I’m touched by the love of ONE PIECE sprinkled through out every frame.
From Eiichiro Oda
To Eiichiro Oda:
A 1:1 re-enactment is impossible.
Live-action adaptation isn’t about replication. It’s expression.
We’re not at all satisfied yet, either.
We want to rewrite the history of live-action adaptations.
We have two goals. To not betray the fans. And to have the show be loved by those who don’t yet know ONE PIECE.
“Let’s make something great.”
With the utmost respect for Oda and his work top of mind for Owens and Maeda, Maeda says it was “tremendously challenging to make any kind of changes to such a beloved property.” But some changes still needed to be made.
“When Oda-san was writing the manga, there was no sense of an eight-episode television season — he writes in his own timetable, and his own structure for how he sees the storyline of the characters,” Maeda says. “That said, he did give me a very lovely section of the first 100 chapters of the ‘One Piece’ manga — and I won’t give any spoilers yet, but [the live-action ‘One Piece’] tries to craft the 100 chapters into eight episodes of television that have to have their own rise and fall and story arc.”
With early hype strong but post-launch viewership unavailable until the Netflix Top 10 comes out next Tuesday, Friedlander “truly” hopes “One Piece” is a “successful show that can continue, because I do believe that Oda-san has crafted an ongoing run of stories and adventures and characters that I would love to see realized through ‘One Piece’ live-action.” And though Friedlander can’t make any premature promises about “One Piece” Season 2–and knows Netflix viewers have concerns about early-on cancellations, including “Cowboy Bebop” — he points to the streamer’s recent track record for renewing genre shows that meet fans’ expectations.
“You can’t get it right every time,” Friedlander said. “You hope that with creative passion and storytellers that you do.
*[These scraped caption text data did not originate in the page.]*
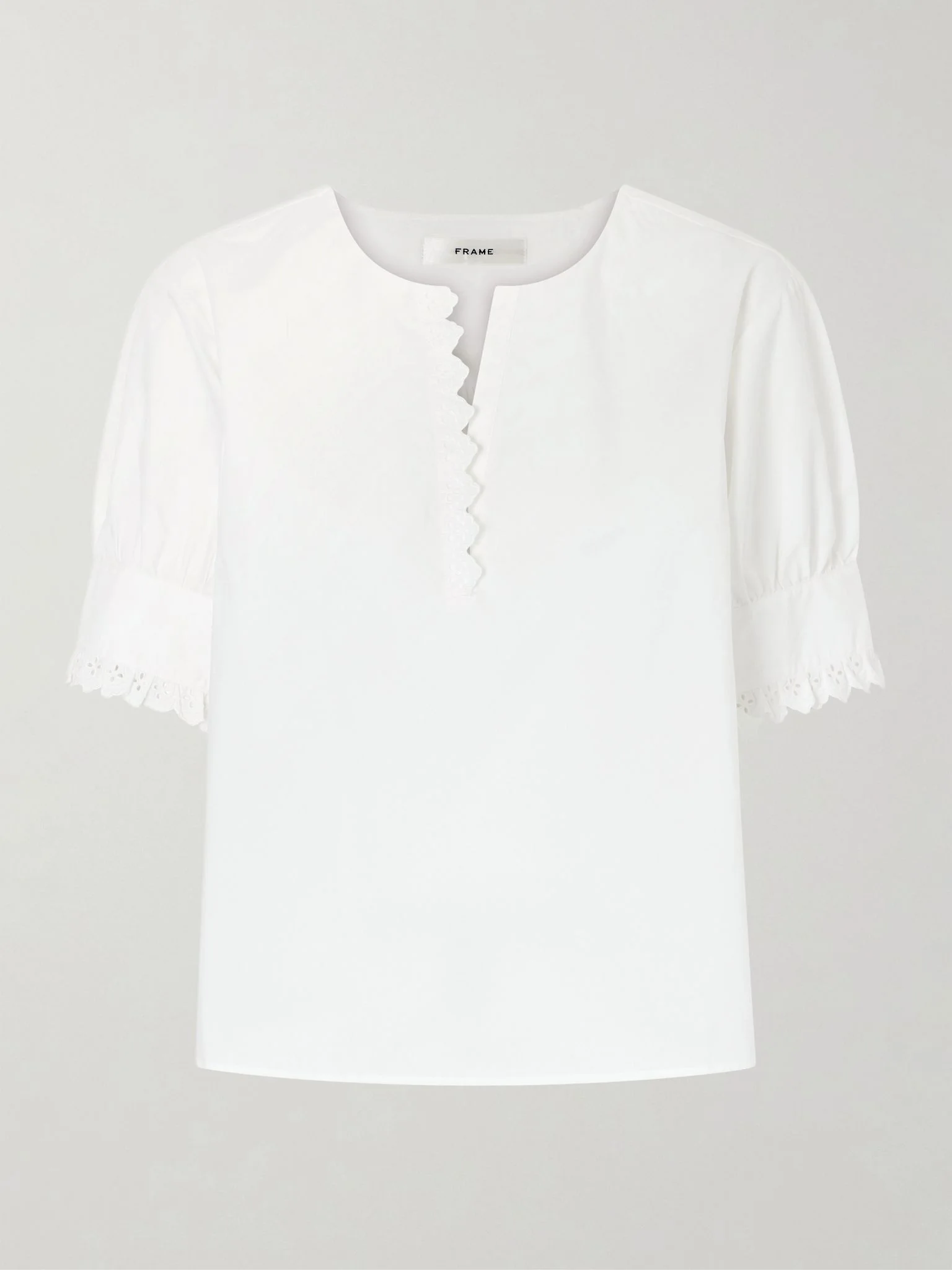 Keepsake Popover camp-collar cotton blouse White - 1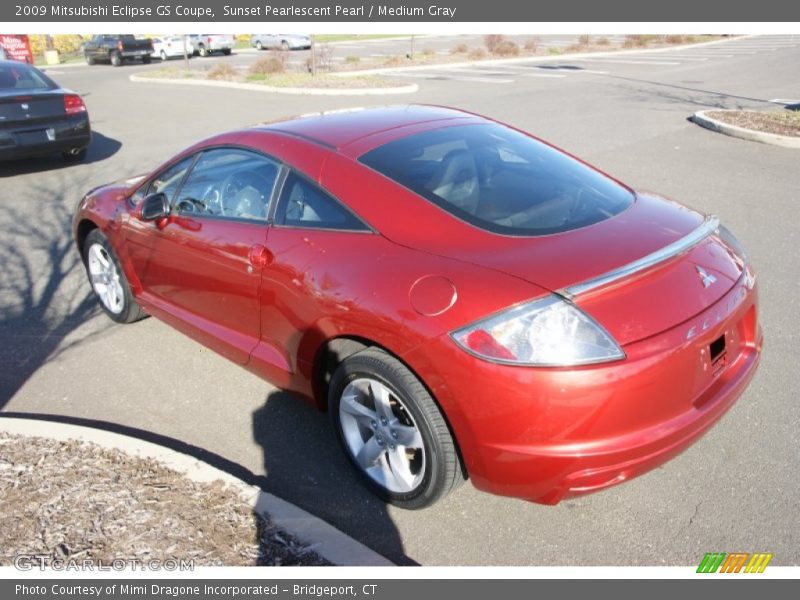 Sunset Pearlescent Pearl / Medium Gray 2009 Mitsubishi Eclipse GS Coupe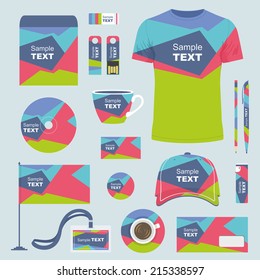 Stationery template design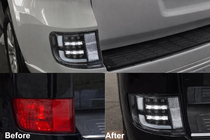 Toyota Land Cruiser 200 2007–2021 Achterste mistlichten 2016-2021 (Executive Black) foto 1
And that’s what I’m here for, is to support the storytellers and how they interpret and adapt and experience an IP. And I think we’ve had a pretty impressive run when you think about just within the last year with ‘The Sandman’ and ‘Wednesday.’ And I do think we are able to adapt some of these IP into something that’s extraordinary and unexpected, and still truly honor what it is.”
As for Owens and Maeda’s plans for a Season 2, Maeda says they are “definitely taking it one step at a time,” simply because of the decades of “One Piece” material Oda-san has given them to work with that lead to “so many possibilities and endless permutations.”
Right now, the focus is just on launching that “One Piece” Season 1 ship out into the East Blue Sea.
“Along with Oda-san’s oversight and cooperation and partnership, I think that we came up with the very best version of this show that we can,” Maeda says. “I can’t complain that money wasn’t spent, I can’t complain that our hands were tied — we were able to make the show we wanted to make.”
This story has been expanded from the version printed in the Aug. 23 issue of Variety. The quotes from co-showrunner Steven Maeda were obtained during an interview organized by contacting Maeda’s publicist, not through Netflix, in accordance with WGA strike rules.